Lo único que quería Michael era apearse de la barcaza y alejarse de aquel grupo tan desastroso. Primero la duquesa lo había embaucado y ahora estaba consiguiendo que pareciera un bobo… y, lo que era peor, que se comportara como tal. Pero Ferris no tenía derecho a coger un comentario privado y esgrimirlo contra Horn de un modo destinado a suscitar resentimientos. Ahora Horn estaba enfurruñado como un chiquillo por una nadería. Si el mismo Horn hubiera sido más sutil, Michael no se habría visto obligado a mostrarse tan franco en su rechazo. Horn pasó el resto del viaje dirigiendo su atención a todas partes salvo a Michael. Michael prefería esto a sus flirteos. El hombre se estaba comportando como si jamás le hubieran dado calabazas, situación que Michael consideraba sumamente improbable.
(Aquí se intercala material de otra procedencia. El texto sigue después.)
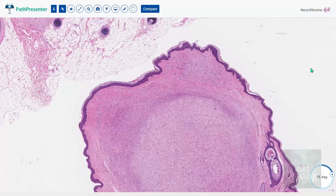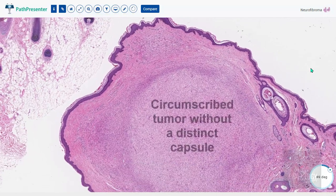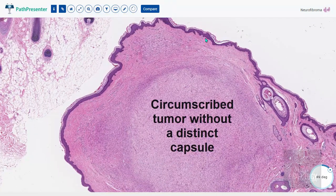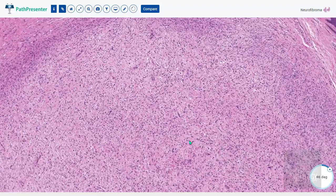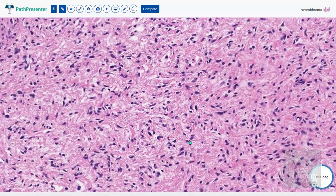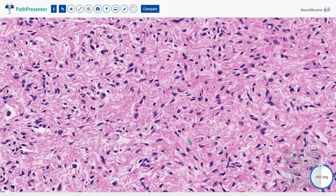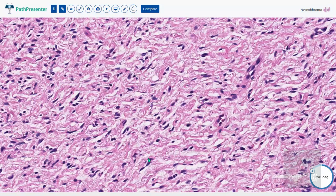Let's understand neurofibroma microscopically by this virtual slide. This is an elevated lesion or nodule on the skin. At scanner magnification you can make out it is a circumscribed tumor without a capsule, located in the dermis. On higher magnification you can see haphazard proliferation of spindle cells with elongated nuclei. Some of these cells have wavy nuclei, which you can appreciate here and there.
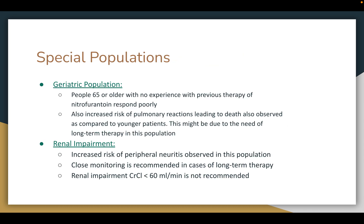For special populations: in the geriatric population, people 65 or older with no previous experience with nitrofurantoin therapy respond poorly. An increased risk of pulmonary reactions, leading in some cases to death, has been observed compared to younger patients, possibly due to the need for long-term therapy in older populations. In cases of renal impairment, an increased risk of peripheral neuritis is observed. Close monitoring is recommended for long-term therapy, and a creatinine clearance of less than 16 mL per minute is not recommended.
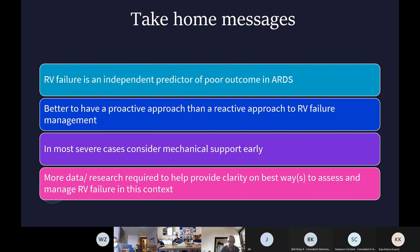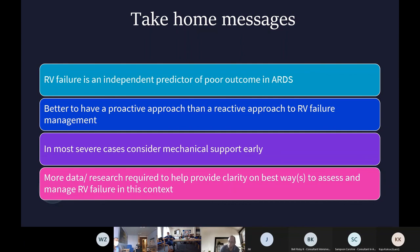The take-home messages for RV failure in ARDS: have a proactive approach — it is an independent predictor of poor outcomes. Identify patients at risk early and have an RV-centric approach to managing them. Consider mechanical support early — both ventilation and ECMO if appropriate (not all patients are candidates). We need more data and more research. COVID has unfortunately created significant mortality but has amplified ARDS as a syndrome, allowing us to assess these problems more closely and enabling the data required to contextualize and manage RV failure in ARDS appropriately.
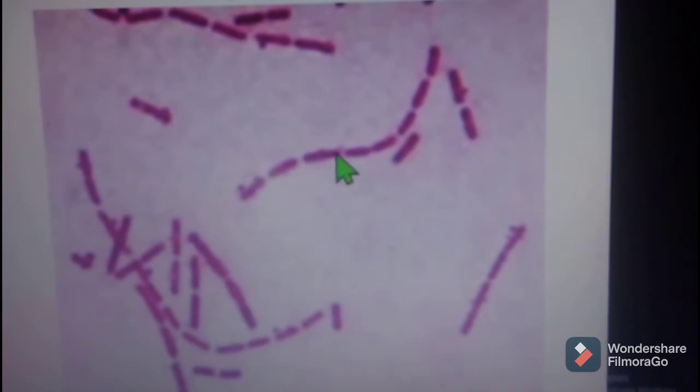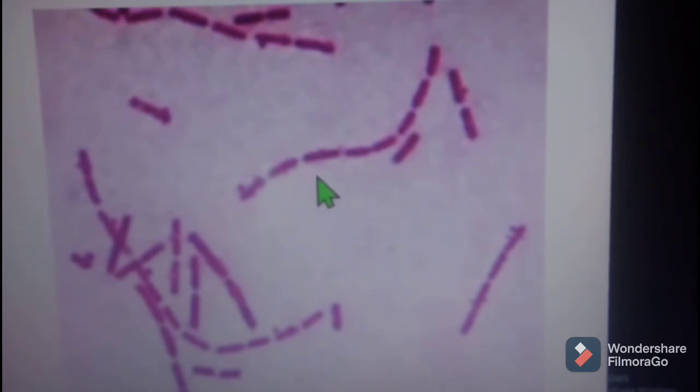The bacterial cells are rod-shaped, gram-negative, and appear pink under the microscope. They are arranged in chains, with each cell measuring approximately 1.5–2 µm by 0.5–0.75 µm.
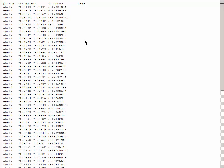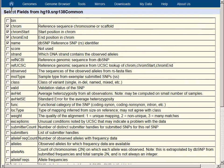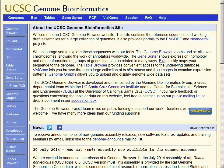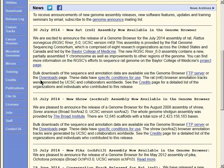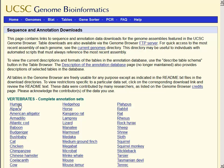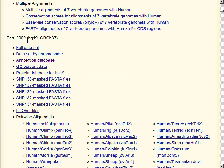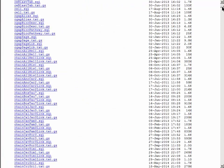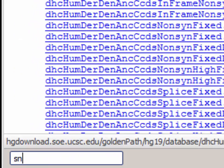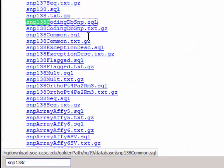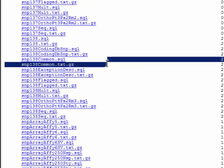If you are interested in downloading the entire table and the entire contents of the table, you should go to the download section. We'll go back up to the top of the screen and use the home button, which takes us to the main page. On this page, we can choose Downloads. The human genome is found at the top of the list, and we can scroll down to the HG19 dataset where we can choose the annotation database. Remembering the name of our file is SNP138 common, we can scroll down the page using SNP138C and download the entire contents of this table.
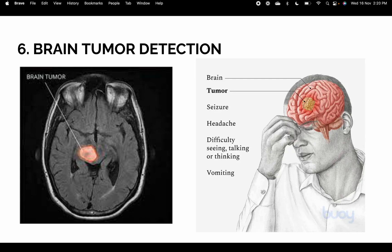The sixth project is Brain Tumor Detection. This is a medical-type project where you give symptoms as input and get an output indicating whether a person has a brain tumor or not. It applies deep learning neural networks — we take thousands of CT scans or X-rays of the brain and the model outputs whether a person has a brain tumor.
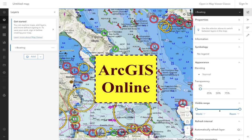iBoarding WMTS is designed to work with ArcGIS Online from ESRI. Remember, the WMTS service can only serve tiles for the map cells that are downloaded, so please make sure to download grid cells covering your area of interest. The tutorial on downloading charts in the iBoarding WMTS application is linked in the description below.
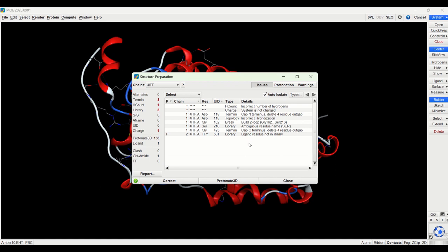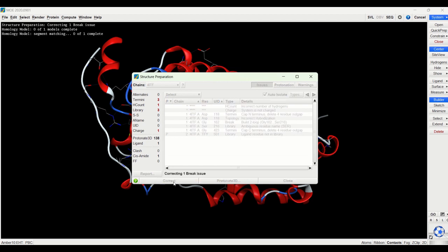And here is basically a list of it shows you everything that is found that is incorrect in this protein. So for instance, it found an incorrect number of hydrogens. So all we do here is click correct, and it will go through that list and correct all the errors that it finds in the protein.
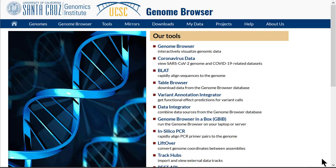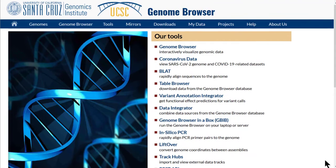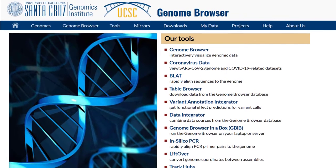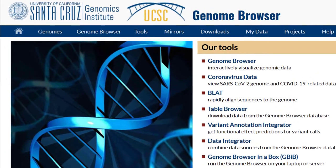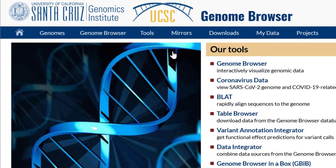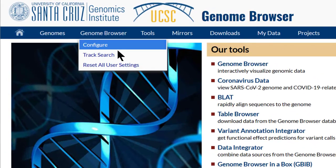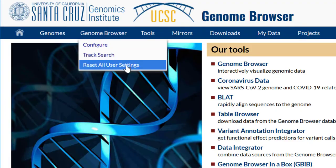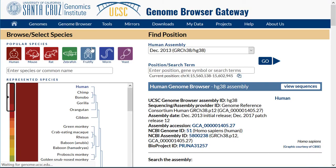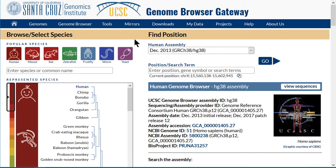We will start by going to the browser at the default location. Reset all user settings in the top toolbar sets us at the HG38 human genome assembly. We will use HG38, but most of what we will see is applicable to any genome assembly. The go button will take us into the graphical viewer.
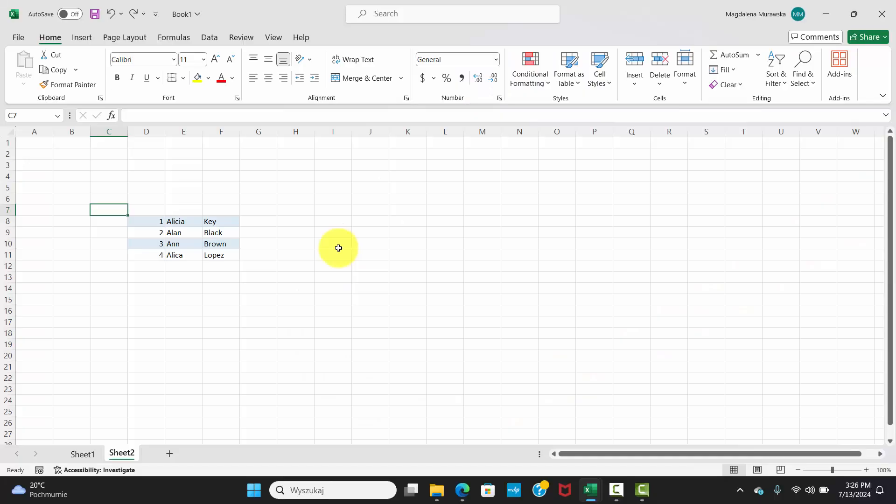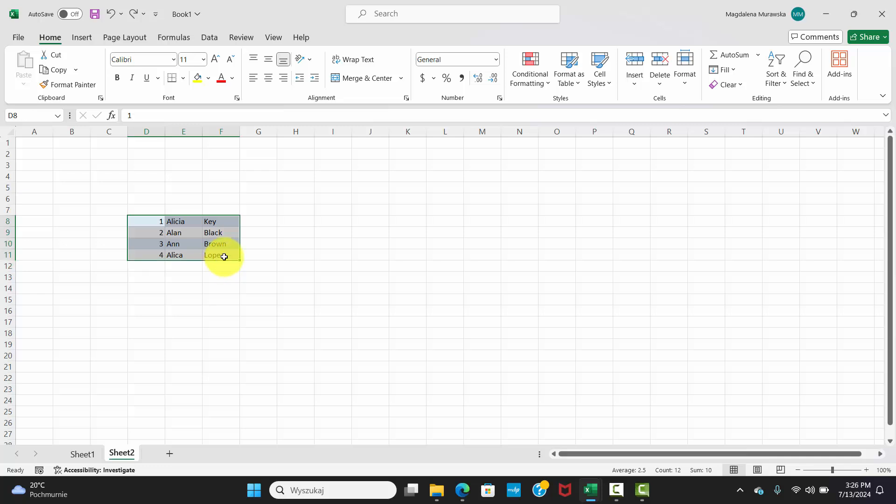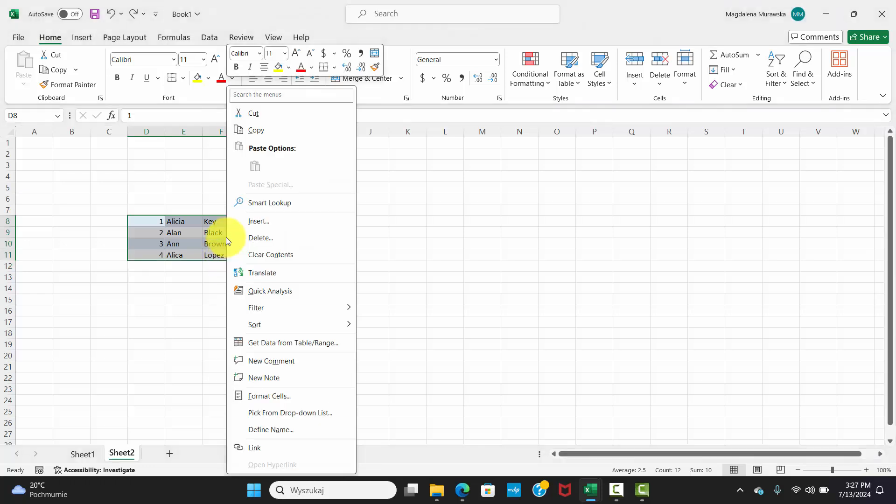Well, guess what? There's a super handy trick using the right mouse button. Simply select the range of cells you want to copy, right-click on your selection. You'll see a menu pop up. Click on Copy.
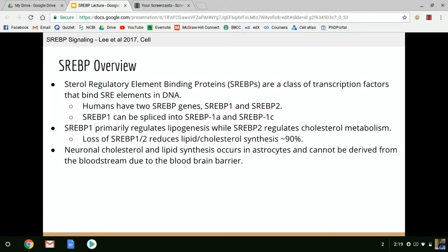Neuronal cholesterol and lipid synthesis occurs in astrocytes and cannot be derived from the bloodstream due to the presence of the blood-brain barrier. SREBP proteins are highly expressed in the brain, specifically in astrocytes. It's additionally important for these astrocytes to keep SREBP active because dietary lipids and cholesterol don't get into the brain thanks to the blood-brain barrier. They must be synthesized on the spot in the brain, primarily using glucose as a source of carbon.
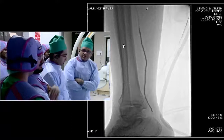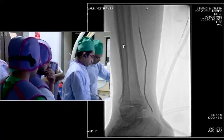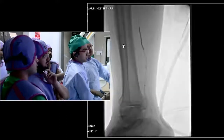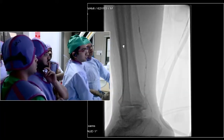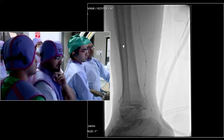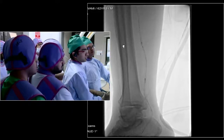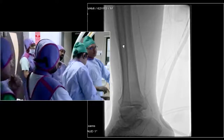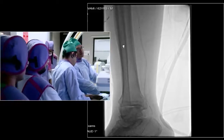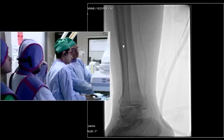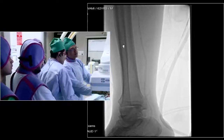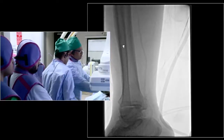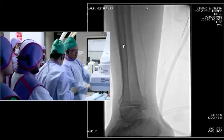We are now deflating the balloon and probably placing the scaffold. These calcified arteries are what we normally see in our diabetic patients, and with diabetes and smoking together, the disease is quite extensive.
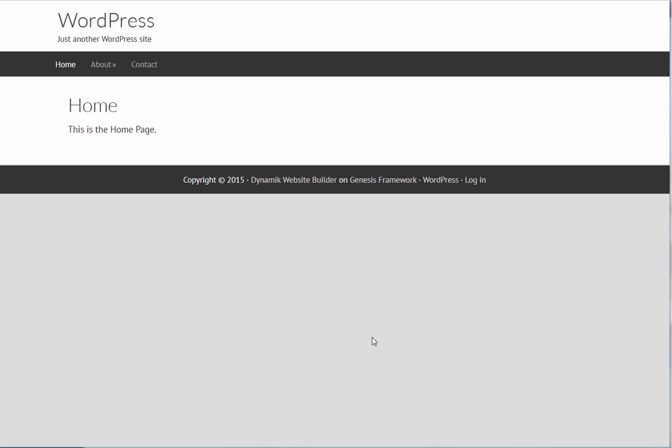Hi everybody, well here we are back again at our test site, going over Dynamic Website Builder on a Genesis framework.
Pese a los compromisos que lo aguardaban, lord Ferris fue invitado a unirse al grupo en el interior de la mansión de la duquesa para beber algo caliente. Y pese a su deseo de marcharse, Michael sentía que iría en contra de su dignidad irse antes que Ferris. Apuró su ponche de un trago y sintió que con el calor se disolvía en parte el nudo que tenía en el estómago. Cuando Ferris pidió su capa, no obstante, Michael hizo lo propio. Diane dijo todas las cosas que tenía que decir sobre cómo debería quedarse, de verdad; pero no había ninguna luz especial en sus ojos y no la creyó. Los acompañó a él y a lord Ferris hasta la puerta, y allí dejó que Michael volviera a besarle la mano. Sería seguramente el ponche lo que le hizo estremecerse cuando la cogió. La miró a la cara y encontró una sonrisa tan dulce clavada en él que parpadeó para despejarse la vista.

—Mi querido joven —dijo ella—, tenéis que venir más veces. —Eso fue todo. Pero él se demoró fuera bajo el pórtico mientras el mozo le sujetaba pacientemente el caballo, queriendo dar media vuelta y preguntarle si lo decía en serio, o pedirle que se lo repitiera. Se le ocurrió que podía haber extraviado un par de guantes y se encaminó hacia la puerta. A través de ella escuchó una voz, dirigida a Ferris:

—Tony, ¿por qué atormentabas al pobre Horn?

Ferris se rio por lo bajo.

—Te diste cuenta, ¿verdad?

Era una voz de extrema intimidad. Michael conocía bien ese tono. La puerta se abrió y él se refugió en las sombras, para ver la muñeca blanca de la duquesa pegada a los labios de Ferris. Luego ella se quitó una cadena que llevaba al cuello y se la pasó por la boca una vez antes de dársela a él.

Antes de que su reacción pudiera delatarlo, Michael salió de la sombra de la casa y montó a lomos de su caballo. Ahora sabía algo sobre la duquesa que nadie más sospechaba siquiera. Y deseó, en general, estar muerto, o soberanamente borracho.

Bertram pudo satisfacerlo en esto último. Pero mientras bregaba mareado en el agradecido abrazo de su amigo, buscando el olvido, Michael pensaba si podría hacerle daño con ese conocimiento… sólo lo necesario para conseguir lo que quería.